[Caption-style text data]
──────────
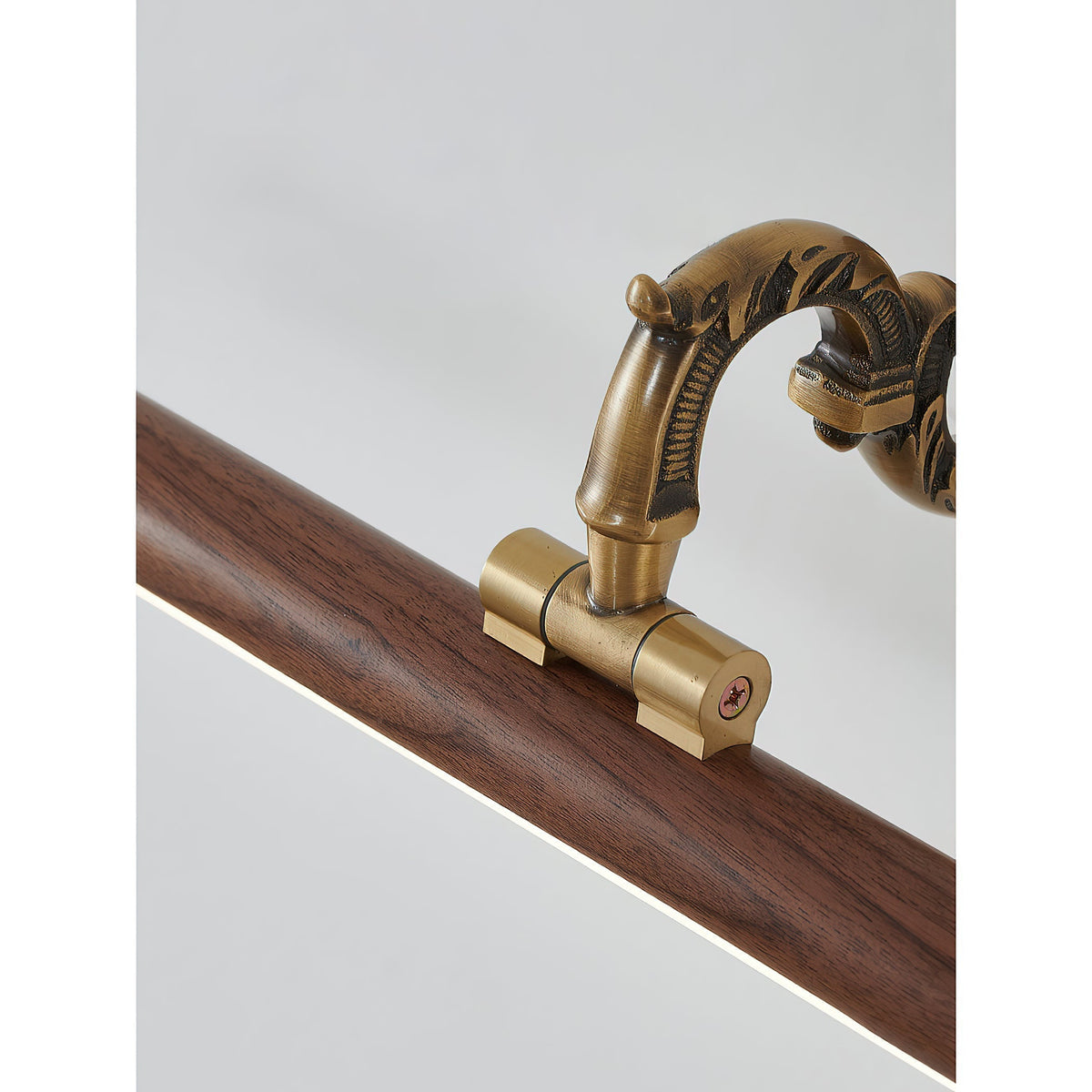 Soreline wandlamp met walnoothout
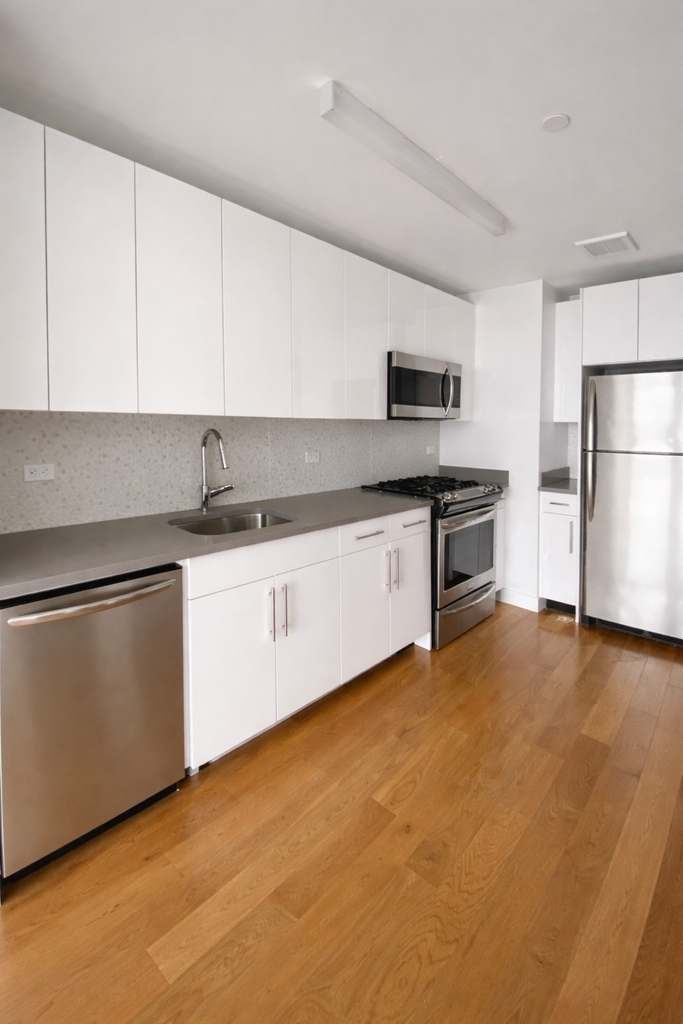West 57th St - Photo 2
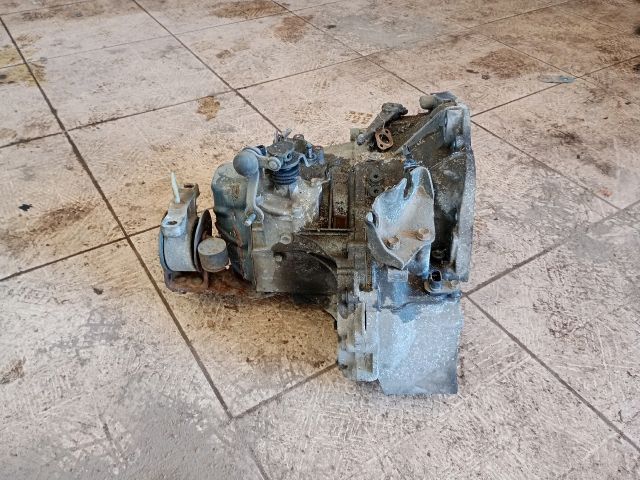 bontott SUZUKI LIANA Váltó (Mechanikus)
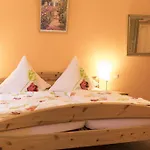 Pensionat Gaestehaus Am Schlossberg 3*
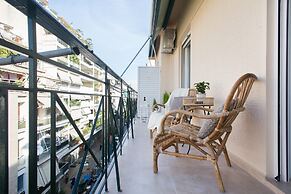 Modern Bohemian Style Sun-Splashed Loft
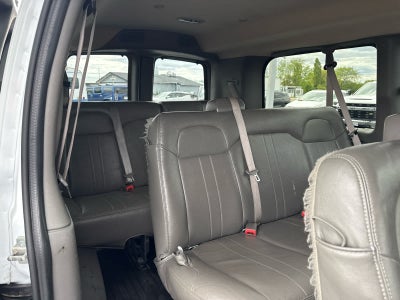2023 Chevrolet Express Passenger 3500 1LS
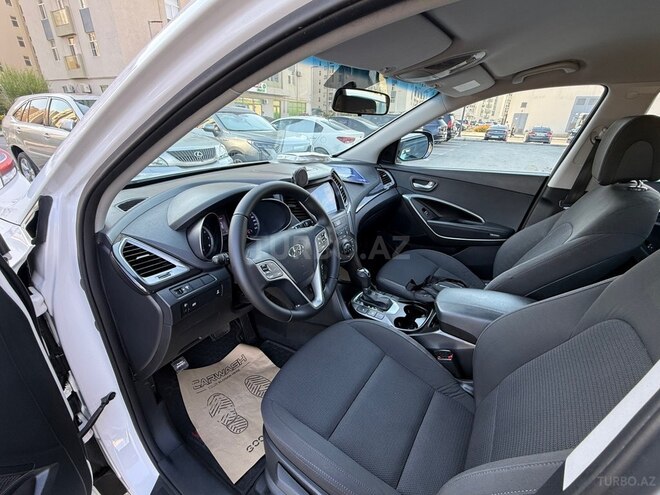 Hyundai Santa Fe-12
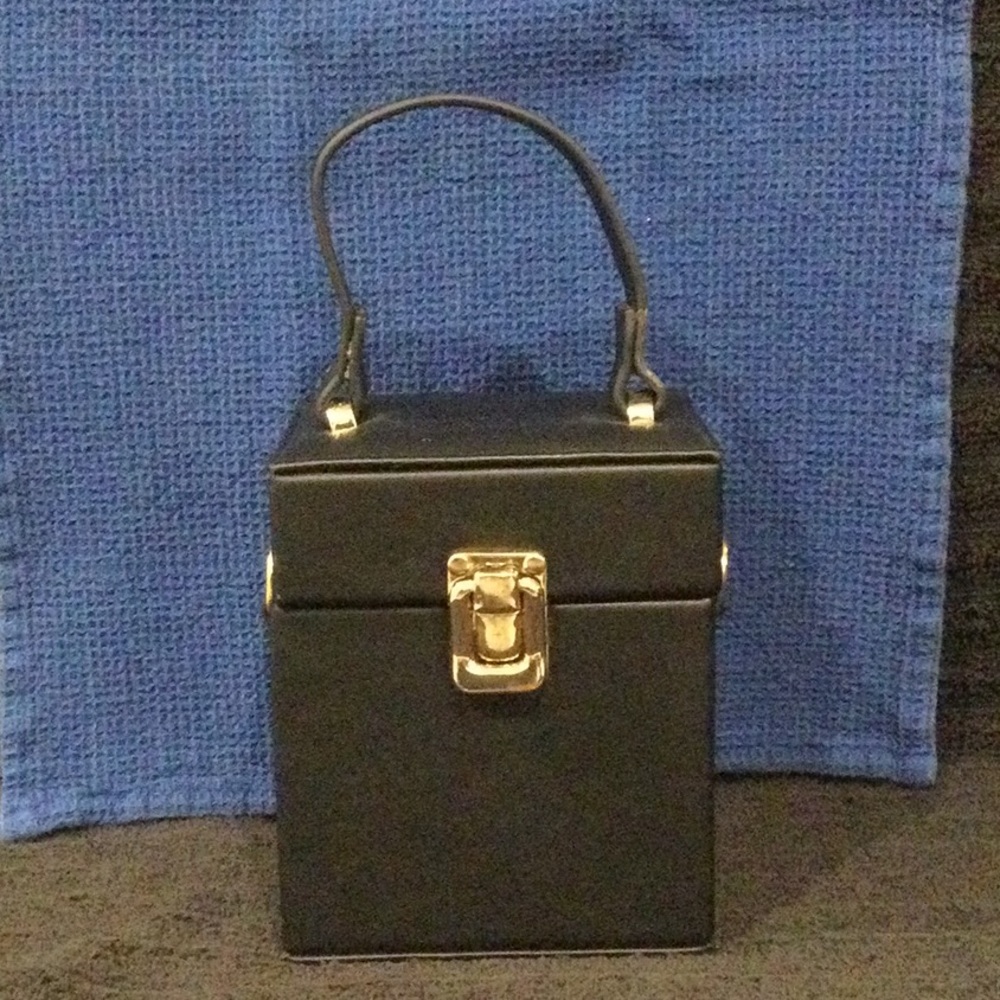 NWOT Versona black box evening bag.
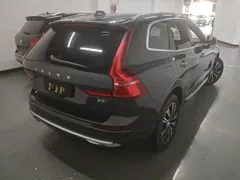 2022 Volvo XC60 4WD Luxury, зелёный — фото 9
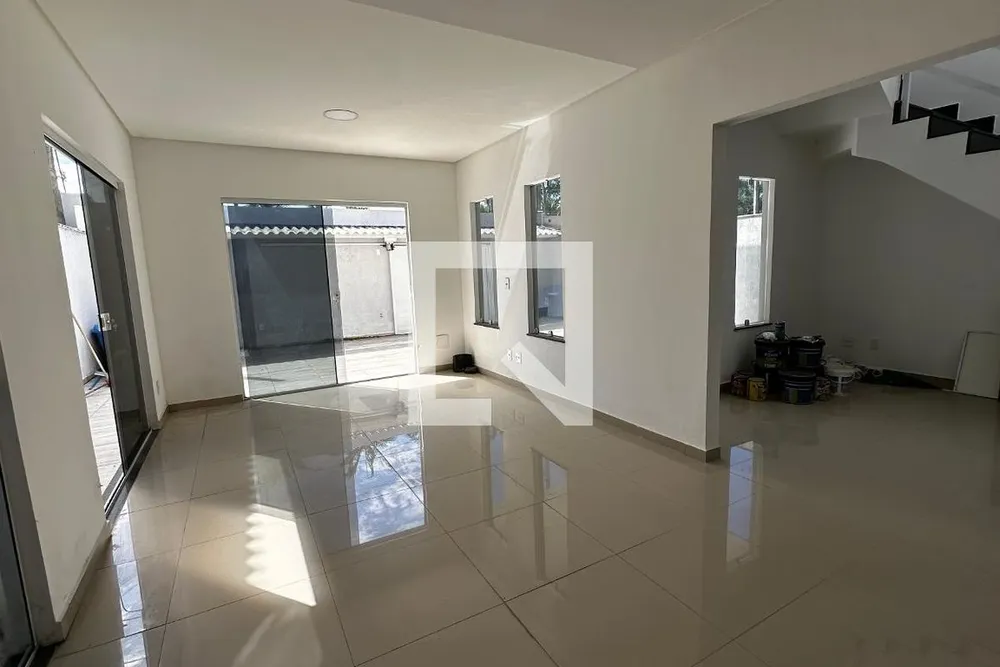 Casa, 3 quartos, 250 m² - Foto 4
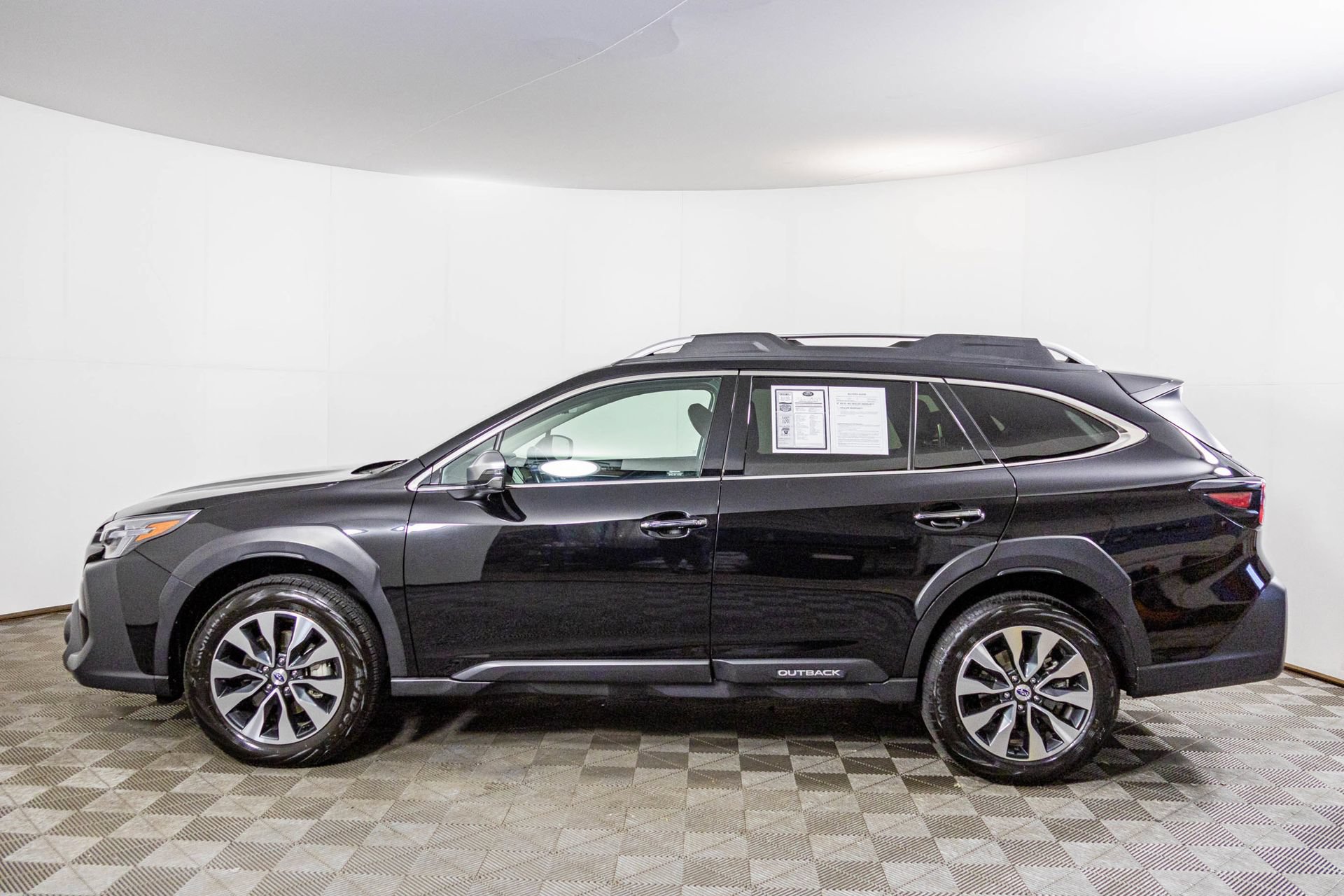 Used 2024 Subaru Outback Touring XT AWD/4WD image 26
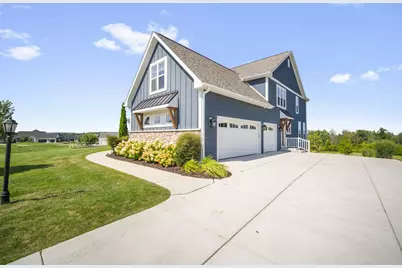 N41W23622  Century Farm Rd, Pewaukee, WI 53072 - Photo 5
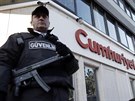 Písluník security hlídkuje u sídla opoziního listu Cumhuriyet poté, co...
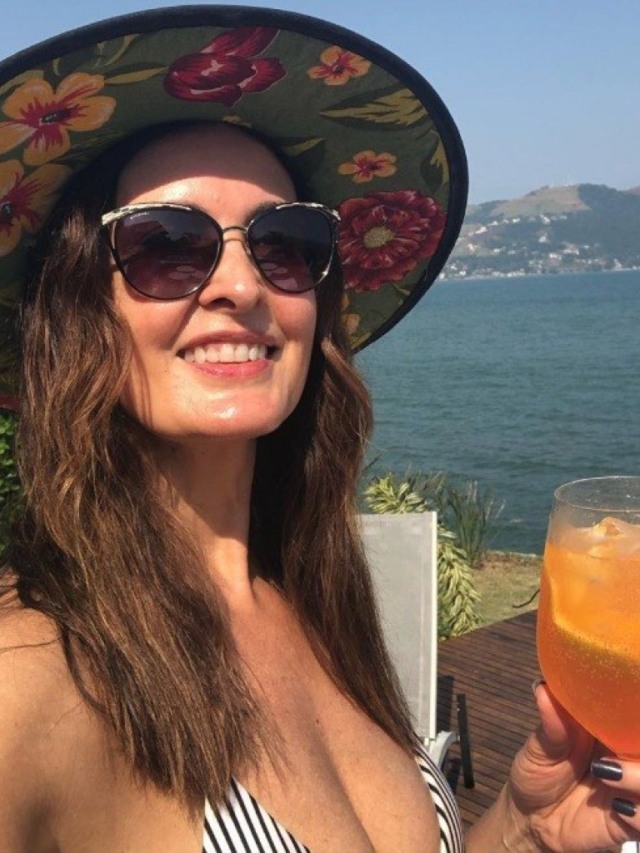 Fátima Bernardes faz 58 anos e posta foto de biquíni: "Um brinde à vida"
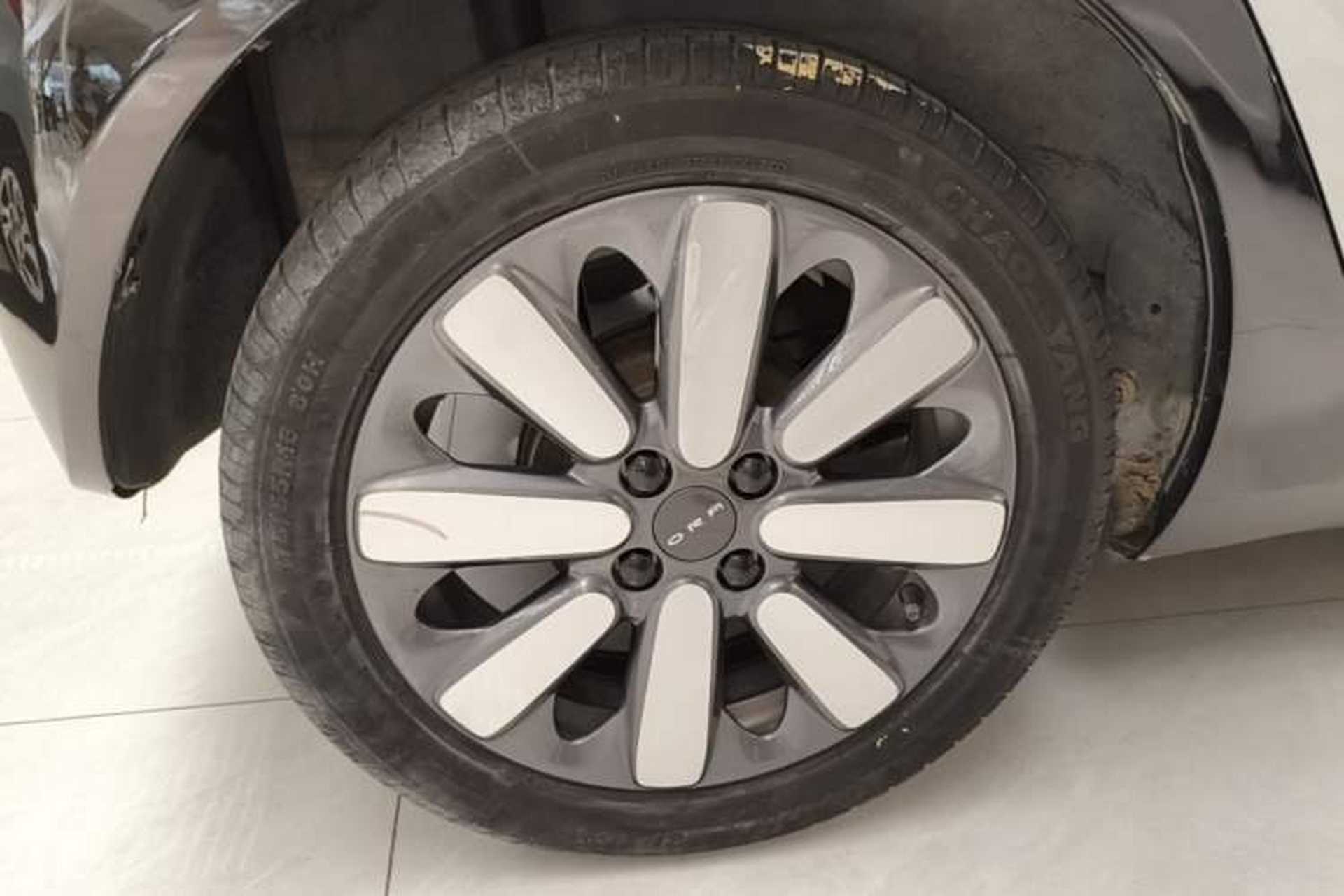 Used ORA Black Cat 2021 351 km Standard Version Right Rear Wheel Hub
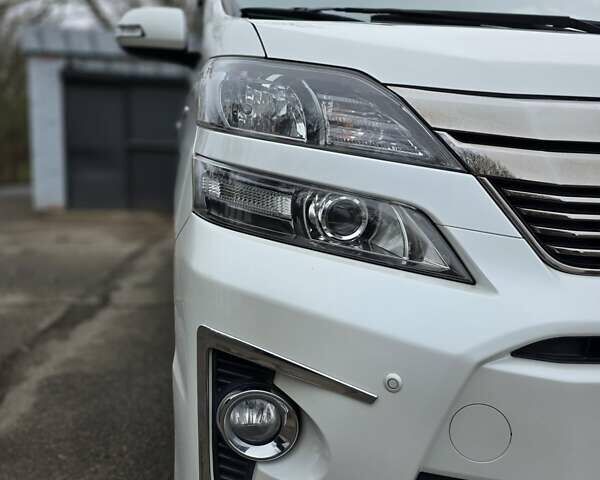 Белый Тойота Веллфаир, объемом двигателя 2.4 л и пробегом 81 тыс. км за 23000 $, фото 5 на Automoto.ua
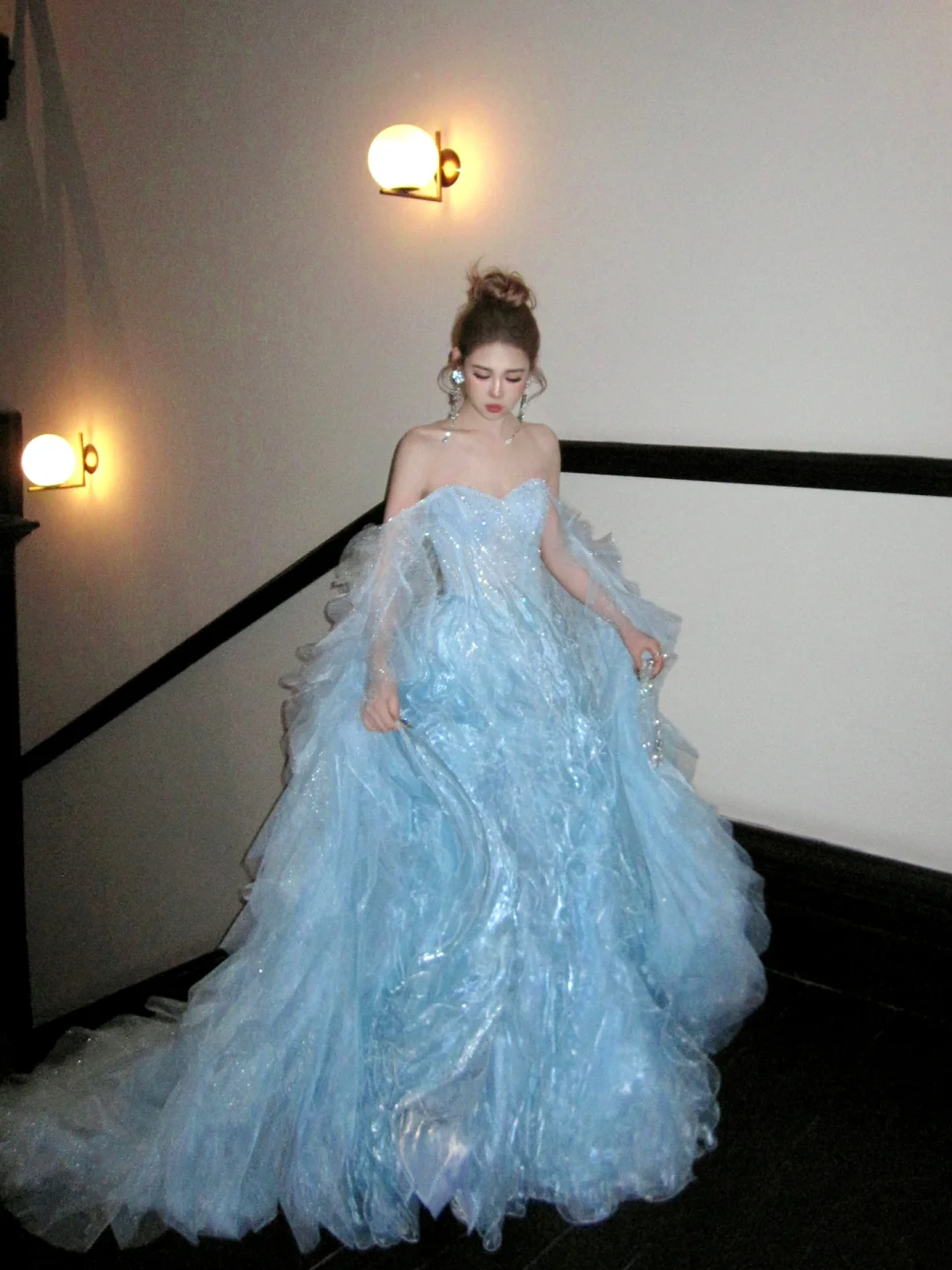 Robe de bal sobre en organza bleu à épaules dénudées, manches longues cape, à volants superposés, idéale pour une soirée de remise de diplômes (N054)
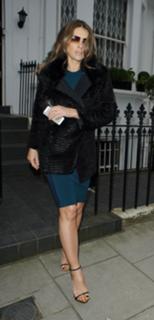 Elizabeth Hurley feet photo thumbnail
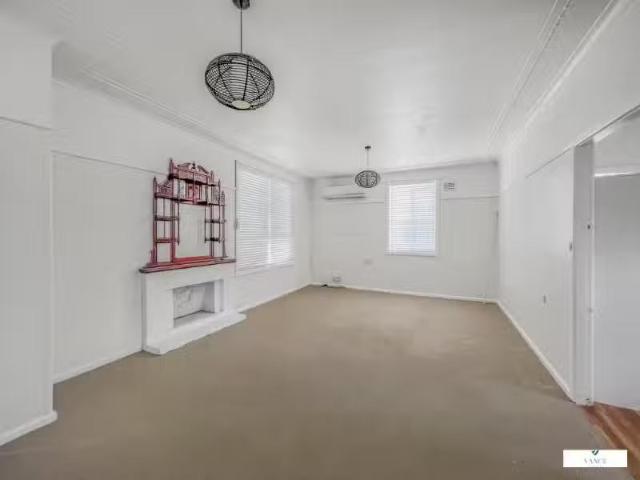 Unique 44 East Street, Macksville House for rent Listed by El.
──────────
Task instructions. From the first line to the last, set down the records above exactly and skip the pictures.

Answer to the problem.
 Soreline wandlamp met walnoothout
West 57th St - Photo 2
 bontott SUZUKI LIANA Váltó (Mechanikus)
 Pensionat Gaestehaus Am Schlossberg 3*
 Modern Bohemian Style Sun-Splashed Loft
2023 Chevrolet Express Passenger 3500 1LS
 Hyundai Santa Fe-12
 NWOT Versona black box evening bag.
 2022 Volvo XC60 4WD Luxury, зелёный — фото 9
 Casa, 3 quartos, 250 m² - Foto 4
 Used 2024 Subaru Outback Touring XT AWD/4WD image 26
 N41W23622  Century Farm Rd, Pewaukee, WI 53072 - Photo 5
 Písluník security hlídkuje u sídla opoziního listu Cumhuriyet poté, co...
 Fátima Bernardes faz 58 anos e posta foto de biquíni: "Um brinde à vida"
 Used ORA Black Cat 2021 351 km Standard Version Right Rear Wheel Hub
 Белый Тойота Веллфаир, объемом двигателя 2.4 л и пробегом 81 тыс. км за 23000 $, фото 5 на Automoto.ua
 Robe de bal sobre en organza bleu à épaules dénudées, manches longues cape, à volants superposés, idéale pour une soirée de remise de diplômes (N054)
 Elizabeth Hurley feet photo thumbnail
 Unique 44 East Street, Macksville House for rent Listed by El.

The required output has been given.